Just a few months before the Indian Ocean tsunami of 26 December 2004, Phil Cummins forecast that such an event could result from a giant earthquake in central Sumatra. The Geoscience Australia seismologist's prediction, made in the organization's September newsletter, was accurate in all but one aspect: the magnitude-9.0 quake happened in northern Sumatra.

“I assumed it would take years to build a case and draw the attention and resources needed to study the area in detail,” says Cummins, who is leading Australia's effort to assess tsunami risks from the Indian Ocean. But the 2004 event boosted interest and since then, he says, “the human cost has become an overwhelming motivator for my work. It is a moral obligation.”

Unfortunately, he has little tangible evidence to build on. Geological surveys of the Indian Ocean are scarce, and those that are carried out are often done by petroleum geologists, so aren't focused on potential hazards. The limited monitoring of the region means that it is difficult to detect the surface-stress movements that precede a large quake. As a result, Cummins has spent several years combing historical accounts for indications of past tsunamis.

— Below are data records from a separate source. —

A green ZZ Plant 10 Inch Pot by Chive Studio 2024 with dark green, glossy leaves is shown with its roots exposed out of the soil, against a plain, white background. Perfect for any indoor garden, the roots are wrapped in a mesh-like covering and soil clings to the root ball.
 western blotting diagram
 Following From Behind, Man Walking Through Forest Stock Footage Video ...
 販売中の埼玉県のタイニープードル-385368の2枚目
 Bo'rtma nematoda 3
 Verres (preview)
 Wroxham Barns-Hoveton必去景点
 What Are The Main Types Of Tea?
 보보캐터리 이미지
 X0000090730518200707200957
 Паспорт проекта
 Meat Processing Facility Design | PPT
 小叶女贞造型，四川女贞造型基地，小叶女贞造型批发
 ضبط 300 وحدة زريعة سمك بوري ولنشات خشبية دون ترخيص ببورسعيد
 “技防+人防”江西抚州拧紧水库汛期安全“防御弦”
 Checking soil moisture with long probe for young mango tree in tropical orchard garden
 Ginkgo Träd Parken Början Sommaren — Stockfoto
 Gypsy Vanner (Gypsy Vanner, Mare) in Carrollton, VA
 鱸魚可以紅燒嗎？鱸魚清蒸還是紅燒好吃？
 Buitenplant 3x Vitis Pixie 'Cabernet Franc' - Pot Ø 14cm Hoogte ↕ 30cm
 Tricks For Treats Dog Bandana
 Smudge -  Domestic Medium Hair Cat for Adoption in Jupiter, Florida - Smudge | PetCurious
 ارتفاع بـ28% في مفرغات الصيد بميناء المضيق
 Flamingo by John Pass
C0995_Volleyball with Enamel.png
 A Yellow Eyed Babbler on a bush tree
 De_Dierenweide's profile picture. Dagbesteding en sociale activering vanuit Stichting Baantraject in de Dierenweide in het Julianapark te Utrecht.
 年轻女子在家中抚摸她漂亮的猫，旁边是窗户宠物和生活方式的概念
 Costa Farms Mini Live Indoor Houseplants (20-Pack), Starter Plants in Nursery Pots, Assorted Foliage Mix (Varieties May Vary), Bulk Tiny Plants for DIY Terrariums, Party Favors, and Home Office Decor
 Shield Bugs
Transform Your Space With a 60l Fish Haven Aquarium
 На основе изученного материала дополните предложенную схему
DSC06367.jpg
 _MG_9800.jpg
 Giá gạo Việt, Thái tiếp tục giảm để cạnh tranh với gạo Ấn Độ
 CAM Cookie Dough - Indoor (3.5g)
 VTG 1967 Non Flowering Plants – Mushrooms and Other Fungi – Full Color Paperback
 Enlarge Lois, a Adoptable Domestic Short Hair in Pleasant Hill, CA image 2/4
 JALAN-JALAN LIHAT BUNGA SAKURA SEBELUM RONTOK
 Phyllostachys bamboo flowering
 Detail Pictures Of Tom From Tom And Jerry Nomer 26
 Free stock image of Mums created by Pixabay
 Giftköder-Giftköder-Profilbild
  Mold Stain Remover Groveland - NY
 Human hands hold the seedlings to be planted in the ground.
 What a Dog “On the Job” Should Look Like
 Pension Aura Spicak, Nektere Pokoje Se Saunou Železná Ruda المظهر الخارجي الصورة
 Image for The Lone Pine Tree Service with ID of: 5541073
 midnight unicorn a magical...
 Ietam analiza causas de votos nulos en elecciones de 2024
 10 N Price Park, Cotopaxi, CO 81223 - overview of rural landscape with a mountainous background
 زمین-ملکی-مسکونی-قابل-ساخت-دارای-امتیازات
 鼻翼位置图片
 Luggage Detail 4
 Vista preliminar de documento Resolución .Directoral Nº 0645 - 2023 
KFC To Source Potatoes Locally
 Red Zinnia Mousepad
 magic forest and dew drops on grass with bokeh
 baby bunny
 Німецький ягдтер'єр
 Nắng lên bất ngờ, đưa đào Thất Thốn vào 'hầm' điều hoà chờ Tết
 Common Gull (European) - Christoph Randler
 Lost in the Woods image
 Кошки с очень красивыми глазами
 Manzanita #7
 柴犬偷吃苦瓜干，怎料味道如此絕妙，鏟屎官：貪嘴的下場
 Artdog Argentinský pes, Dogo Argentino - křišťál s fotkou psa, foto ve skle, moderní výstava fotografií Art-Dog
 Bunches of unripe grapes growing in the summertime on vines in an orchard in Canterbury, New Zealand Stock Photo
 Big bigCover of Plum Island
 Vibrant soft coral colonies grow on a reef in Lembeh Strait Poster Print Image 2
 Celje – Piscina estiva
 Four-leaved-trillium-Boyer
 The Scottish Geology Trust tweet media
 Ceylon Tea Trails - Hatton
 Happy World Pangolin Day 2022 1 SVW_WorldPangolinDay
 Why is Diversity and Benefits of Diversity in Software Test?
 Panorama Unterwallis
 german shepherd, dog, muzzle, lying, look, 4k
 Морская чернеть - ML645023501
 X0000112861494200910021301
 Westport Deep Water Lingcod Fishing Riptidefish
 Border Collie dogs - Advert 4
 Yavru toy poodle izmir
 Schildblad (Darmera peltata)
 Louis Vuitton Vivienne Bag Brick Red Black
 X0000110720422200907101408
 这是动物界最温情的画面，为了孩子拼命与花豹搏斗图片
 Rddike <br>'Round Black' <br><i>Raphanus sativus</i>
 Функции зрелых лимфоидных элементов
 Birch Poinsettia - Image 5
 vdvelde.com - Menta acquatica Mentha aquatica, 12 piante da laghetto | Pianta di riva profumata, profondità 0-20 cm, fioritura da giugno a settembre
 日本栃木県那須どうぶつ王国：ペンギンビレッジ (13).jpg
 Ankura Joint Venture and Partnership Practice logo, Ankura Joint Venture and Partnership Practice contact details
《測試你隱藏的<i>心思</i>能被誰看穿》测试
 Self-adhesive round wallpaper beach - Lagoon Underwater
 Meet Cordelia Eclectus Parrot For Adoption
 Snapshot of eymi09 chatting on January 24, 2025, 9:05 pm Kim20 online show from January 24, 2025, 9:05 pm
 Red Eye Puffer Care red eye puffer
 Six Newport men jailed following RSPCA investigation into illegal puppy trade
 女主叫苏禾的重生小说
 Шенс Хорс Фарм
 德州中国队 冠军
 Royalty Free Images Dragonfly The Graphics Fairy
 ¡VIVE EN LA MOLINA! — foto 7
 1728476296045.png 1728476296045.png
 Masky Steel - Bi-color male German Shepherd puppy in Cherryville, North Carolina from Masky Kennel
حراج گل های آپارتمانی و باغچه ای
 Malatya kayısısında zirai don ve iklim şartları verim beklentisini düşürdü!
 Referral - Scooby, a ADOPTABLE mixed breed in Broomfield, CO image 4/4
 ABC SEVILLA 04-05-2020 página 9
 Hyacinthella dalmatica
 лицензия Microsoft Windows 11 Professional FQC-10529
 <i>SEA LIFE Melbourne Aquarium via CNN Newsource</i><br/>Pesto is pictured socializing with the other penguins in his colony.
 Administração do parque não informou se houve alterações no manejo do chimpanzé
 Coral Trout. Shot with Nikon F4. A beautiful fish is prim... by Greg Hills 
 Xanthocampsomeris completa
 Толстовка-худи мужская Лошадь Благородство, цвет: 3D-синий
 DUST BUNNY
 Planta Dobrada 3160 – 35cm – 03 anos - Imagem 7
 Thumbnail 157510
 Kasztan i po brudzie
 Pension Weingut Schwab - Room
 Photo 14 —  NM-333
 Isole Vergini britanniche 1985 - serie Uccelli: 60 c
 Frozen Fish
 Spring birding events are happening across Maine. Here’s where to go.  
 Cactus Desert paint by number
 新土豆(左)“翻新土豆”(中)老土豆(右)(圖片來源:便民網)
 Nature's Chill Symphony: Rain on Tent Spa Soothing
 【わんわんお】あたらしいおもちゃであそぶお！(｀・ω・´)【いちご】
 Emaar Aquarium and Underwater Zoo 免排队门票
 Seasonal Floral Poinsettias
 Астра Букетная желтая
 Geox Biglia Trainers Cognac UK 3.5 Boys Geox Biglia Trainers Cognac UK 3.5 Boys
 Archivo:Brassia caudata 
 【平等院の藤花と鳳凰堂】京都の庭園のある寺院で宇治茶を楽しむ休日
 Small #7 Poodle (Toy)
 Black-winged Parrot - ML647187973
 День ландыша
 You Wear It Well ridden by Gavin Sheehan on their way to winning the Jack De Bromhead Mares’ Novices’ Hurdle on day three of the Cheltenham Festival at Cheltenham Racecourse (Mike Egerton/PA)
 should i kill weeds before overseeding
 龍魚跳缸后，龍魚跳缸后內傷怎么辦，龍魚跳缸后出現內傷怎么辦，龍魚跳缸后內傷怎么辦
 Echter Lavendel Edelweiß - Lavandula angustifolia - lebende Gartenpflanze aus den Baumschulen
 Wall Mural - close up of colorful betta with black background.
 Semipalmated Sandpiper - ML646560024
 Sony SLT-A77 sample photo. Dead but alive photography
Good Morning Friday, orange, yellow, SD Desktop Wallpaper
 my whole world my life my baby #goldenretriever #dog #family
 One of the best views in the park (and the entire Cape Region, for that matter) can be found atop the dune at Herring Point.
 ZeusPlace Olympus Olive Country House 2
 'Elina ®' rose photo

He tracked down as many accounts as he could find. Most had been made by British colonialists or merchants. One event stood out — an earthquake in 1762 at the northern tip of the Bay of Bengal. This area is difficult to study, because a 20-kilometre-thick layer of sediment streams down into it from the Himalayas. Most scientists presumed this fault to be inactive, because the direction of maximum stress is not aligned with the direction of deformation — or physical strain — as is typical. Most believe the region's greatest earthquake risk to be the fault running through central Myanmar.

But Cummins has combined historical and geological evidence to support the potential for a giant earthquake and tsunami hazard in the Bay of Bengal (see page 75). He cites observations of a British ship commander, made during a land survey in 1841, that detail evidence of a previous sudden uplift along the bay's southern coastal islands. Letters from Bangladesh's seaport city of Chittagong in the 1760s provide further evidence, describing a violent ground motion and fallen buildings. This suggests the area could be the northernmost portion of the fault.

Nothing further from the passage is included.